PROBLEM –
Retype the entries below exactly, but begin at the line containing "Projeto Trinta-réis e" and end at the last line.

Source data:
====
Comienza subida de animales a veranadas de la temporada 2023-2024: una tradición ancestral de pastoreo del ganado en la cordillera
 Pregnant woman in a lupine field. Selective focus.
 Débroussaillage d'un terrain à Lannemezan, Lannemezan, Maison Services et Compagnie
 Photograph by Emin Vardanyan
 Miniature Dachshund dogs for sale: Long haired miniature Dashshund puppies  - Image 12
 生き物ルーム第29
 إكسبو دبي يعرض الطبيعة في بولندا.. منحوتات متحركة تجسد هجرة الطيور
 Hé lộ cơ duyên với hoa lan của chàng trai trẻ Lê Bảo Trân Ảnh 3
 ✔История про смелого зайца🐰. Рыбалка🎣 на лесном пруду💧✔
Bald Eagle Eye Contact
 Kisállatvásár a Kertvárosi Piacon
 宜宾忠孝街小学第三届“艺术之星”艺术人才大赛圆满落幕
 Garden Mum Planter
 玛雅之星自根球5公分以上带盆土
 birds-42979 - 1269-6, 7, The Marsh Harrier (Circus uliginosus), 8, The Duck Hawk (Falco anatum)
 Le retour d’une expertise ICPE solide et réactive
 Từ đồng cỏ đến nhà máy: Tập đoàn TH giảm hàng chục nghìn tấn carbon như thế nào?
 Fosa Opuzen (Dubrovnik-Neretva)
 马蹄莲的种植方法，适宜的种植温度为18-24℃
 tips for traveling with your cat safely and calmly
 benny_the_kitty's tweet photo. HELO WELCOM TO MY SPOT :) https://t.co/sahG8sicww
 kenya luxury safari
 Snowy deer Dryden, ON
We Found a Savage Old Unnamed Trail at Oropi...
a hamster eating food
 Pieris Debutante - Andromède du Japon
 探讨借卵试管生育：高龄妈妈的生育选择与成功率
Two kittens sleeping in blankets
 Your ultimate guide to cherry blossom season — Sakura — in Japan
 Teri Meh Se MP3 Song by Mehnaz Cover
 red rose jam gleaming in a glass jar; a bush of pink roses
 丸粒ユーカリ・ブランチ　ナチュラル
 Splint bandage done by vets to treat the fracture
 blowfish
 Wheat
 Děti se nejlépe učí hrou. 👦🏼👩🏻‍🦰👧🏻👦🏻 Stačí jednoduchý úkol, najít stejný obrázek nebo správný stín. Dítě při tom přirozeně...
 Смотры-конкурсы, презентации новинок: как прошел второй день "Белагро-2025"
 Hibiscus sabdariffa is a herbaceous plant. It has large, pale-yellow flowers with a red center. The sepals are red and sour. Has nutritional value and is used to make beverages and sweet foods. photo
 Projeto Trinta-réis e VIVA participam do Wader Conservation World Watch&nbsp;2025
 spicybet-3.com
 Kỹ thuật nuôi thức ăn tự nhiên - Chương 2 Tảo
====
COMPLETED TASK –
 Projeto Trinta-réis e VIVA participam do Wader Conservation World Watch&nbsp;2025
 spicybet-3.com
 Kỹ thuật nuôi thức ăn tự nhiên - Chương 2 Tảo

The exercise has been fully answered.